It is liberation day for Wells Fargo, but it has nothing to do with tariffs.
Wells Fargo & Company (NYSE:) stock spiked 4% in early trading after it got its own version of liberation day.
The nation’s third largest bank with $1.7 trillion in assets under management was informed by the Federal Reserve that its asset growth restriction had been lifted.
The restriction was placed on the bank in 2018 in response to what the Fed called “widespread consumer abuses and other compliance breakdowns.”
Wells Fargo’s issues have been well documented over the years, resulting in billions of dollars in fines for various violations, including a scandal where sales staff created fake accounts to artificially inflate sales numbers.
The asset growth restriction prevented the bank from growing any larger than its total asset size as of the end of 2017 until it improved its governance and controls. At the end of 2017, the bank had $1.95 trillion in AUM.
The result had been years of underperformance, until the last few years, as efforts by new CEO Charlie Scharf began to pay off.
But late on Tuesday, the Fed issued a statement saying that Wells Fargo had met all the conditions set in 2018, so it was removing the growth restriction.
“Removal of the asset cap represents successful remediation to the required standard based on focused management leadership, strong board oversight, and strict supervision holding the firm accountable,” Fed Governor Michael Barr said. “All three will need to continue for the firm to have a sustainable approach.”
Pivotal Moment for Wells Fargo
Wells Fargo has been undergoing a transformation since Scharf took over in 2019 to clean up the mess. His work has slowly begun to pay off, as Wells Fargo stock has posted an average annualized return of 20% over the past three years. Over that time, it has far outperformed all other large banks, except for JPMorgan Chase (NYSE:), which has a 26% annualized return.
The same is true over the past year, as Wells Fargo stock is up 28%, trailing only JPMorgan Chase, up 31%. Year-to-date, the stock is up about 9%.
“The Federal Reserve’s decision to lift the asset cap marks a pivotal milestone in our journey to transform Wells Fargo. We are a different and far stronger company today because of the work we’ve done,” Scharf said. “In addition, we have changed and simplified our business mix, and we have transformed the management team and how we run the company. We have been methodically investing in the company’s future while improving our financial results and profile. We are excited to continue to move forward with plans to further increase returns and growth in a deliberate manner supported by the processes and cultural changes we have made.”
Scharf thanked all 215,000 employees and gave them each a $2,000 award for their contributions.

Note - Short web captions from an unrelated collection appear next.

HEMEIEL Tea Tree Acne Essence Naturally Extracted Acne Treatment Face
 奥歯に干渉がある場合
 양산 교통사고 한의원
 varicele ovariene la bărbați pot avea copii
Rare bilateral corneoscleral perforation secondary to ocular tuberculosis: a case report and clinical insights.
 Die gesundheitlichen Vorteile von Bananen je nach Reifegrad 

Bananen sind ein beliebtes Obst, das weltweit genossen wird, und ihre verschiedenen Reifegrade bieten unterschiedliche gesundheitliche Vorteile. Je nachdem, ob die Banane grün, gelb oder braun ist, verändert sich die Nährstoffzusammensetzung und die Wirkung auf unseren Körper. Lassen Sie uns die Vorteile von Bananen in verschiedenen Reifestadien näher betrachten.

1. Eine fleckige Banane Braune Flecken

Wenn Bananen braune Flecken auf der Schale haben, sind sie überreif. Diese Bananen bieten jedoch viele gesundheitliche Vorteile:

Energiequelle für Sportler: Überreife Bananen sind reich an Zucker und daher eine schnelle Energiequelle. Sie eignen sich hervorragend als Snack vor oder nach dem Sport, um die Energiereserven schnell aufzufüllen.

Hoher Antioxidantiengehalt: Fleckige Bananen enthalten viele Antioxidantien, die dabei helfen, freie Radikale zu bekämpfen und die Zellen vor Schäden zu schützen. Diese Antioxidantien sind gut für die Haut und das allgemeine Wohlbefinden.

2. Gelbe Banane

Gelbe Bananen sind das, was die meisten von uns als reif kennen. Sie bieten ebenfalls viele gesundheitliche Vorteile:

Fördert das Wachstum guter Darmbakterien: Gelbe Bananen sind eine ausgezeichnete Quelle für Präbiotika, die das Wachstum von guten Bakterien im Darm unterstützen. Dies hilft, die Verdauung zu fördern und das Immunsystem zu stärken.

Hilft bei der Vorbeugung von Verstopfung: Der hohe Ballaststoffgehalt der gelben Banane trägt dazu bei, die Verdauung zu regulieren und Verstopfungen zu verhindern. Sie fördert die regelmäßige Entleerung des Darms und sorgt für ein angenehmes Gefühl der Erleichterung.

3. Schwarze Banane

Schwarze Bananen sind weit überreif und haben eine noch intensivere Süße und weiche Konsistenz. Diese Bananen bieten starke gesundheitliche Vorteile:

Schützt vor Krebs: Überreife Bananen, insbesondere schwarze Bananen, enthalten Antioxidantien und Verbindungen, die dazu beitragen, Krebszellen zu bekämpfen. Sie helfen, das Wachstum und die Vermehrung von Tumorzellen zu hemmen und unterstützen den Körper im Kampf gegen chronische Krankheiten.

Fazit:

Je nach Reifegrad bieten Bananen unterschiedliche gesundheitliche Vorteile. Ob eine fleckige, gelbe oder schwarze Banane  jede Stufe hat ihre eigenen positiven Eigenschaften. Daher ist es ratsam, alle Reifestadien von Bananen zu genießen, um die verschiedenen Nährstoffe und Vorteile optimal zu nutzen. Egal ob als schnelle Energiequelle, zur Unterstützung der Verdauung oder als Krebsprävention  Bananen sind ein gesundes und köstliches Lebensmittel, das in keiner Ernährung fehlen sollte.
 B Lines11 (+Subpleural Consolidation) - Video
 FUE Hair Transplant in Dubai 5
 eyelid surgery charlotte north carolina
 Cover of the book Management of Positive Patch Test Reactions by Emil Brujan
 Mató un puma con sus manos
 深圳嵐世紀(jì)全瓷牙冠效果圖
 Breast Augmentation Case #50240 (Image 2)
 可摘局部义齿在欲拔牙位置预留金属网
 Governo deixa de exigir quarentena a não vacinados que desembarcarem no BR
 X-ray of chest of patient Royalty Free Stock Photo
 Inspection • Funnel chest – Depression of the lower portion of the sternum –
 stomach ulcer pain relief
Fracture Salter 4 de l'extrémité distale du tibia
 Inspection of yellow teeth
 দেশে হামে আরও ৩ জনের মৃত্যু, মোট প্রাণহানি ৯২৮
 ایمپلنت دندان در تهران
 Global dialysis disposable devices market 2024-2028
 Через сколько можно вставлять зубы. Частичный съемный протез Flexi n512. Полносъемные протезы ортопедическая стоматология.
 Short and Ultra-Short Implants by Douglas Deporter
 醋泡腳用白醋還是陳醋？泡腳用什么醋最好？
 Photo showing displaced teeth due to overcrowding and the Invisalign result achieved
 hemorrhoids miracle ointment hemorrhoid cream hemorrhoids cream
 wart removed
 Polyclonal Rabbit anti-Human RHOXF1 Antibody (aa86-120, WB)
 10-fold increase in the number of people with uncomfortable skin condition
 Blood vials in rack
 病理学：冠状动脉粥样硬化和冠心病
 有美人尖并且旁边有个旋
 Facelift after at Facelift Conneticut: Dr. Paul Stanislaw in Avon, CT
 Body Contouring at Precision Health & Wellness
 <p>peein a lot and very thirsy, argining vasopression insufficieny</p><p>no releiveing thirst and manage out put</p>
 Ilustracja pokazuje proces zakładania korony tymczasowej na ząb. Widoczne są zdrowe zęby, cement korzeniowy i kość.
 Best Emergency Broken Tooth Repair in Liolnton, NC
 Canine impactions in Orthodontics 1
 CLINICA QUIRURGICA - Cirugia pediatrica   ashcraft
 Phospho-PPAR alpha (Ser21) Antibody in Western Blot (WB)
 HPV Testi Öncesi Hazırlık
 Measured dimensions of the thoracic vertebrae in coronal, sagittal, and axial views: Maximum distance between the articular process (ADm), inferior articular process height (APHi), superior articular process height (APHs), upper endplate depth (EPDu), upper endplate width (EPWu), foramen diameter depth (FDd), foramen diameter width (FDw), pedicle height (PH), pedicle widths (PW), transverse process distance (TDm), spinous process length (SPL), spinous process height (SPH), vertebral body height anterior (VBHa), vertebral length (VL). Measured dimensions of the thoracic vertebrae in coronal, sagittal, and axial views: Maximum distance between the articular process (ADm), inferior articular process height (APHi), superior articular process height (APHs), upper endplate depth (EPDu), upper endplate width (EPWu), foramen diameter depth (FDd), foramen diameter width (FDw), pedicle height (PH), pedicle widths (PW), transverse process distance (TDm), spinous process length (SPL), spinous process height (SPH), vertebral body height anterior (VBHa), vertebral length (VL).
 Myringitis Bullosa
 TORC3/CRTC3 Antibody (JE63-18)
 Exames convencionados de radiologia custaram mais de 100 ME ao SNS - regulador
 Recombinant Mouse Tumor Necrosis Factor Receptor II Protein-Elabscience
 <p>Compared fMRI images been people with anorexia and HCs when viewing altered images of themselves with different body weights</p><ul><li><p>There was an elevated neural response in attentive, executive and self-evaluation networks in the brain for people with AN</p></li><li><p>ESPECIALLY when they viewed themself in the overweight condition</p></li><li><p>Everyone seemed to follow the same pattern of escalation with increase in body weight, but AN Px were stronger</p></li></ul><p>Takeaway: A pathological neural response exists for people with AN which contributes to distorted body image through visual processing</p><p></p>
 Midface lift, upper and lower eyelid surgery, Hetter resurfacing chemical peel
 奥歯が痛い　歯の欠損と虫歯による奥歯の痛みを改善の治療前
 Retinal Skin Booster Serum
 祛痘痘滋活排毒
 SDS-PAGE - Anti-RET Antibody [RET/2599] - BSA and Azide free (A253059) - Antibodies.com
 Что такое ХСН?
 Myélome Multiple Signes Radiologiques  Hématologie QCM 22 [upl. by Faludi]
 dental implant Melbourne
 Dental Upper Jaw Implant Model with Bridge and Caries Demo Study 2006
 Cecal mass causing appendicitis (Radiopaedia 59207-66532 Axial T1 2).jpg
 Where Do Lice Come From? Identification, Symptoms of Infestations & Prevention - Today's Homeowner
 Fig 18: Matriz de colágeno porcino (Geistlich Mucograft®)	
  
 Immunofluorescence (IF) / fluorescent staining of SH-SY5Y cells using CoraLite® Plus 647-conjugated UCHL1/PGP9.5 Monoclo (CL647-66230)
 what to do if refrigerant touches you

Analysts Raise their Price Targets
Wells Fargo stock settled back down after the initial spike, as the gains had pretty much been priced in already. This did not come as a shock, as Wells Fargo had been in turnaround mode, so it was just a matter of when the restrictions would be lifted.
Wells Fargo officials did not indicate which growth opportunities this will unlock, but analysts were bullish. Evercore raised its price target by $16 per share to $88 per share, while analysts at Truist boosted its target to $83 per share, calling it “liberation day” for the bank.
Truist analysts said they expect the company to balance efficiency with long-term investments and improve its return on tangible common equity, reported MarketWatch. “We also expect the ongoing pivot to offense across the company to continue, especially within the retail bank, as well as with its credit-card offering, wealth-management franchise and investment banking.”
Wells Fargo has a median price target of $80 per share, which would suggest 5% growth. The Evercore target of $88 per share would mean a 15% return.
The stock is fairly cheap with a P/E of 13, so it looks like a decent option, certainly among banks, right now. With restrictions lifted and rates potentially dropping, it could be a good environment for the bank to grow, barring a recession.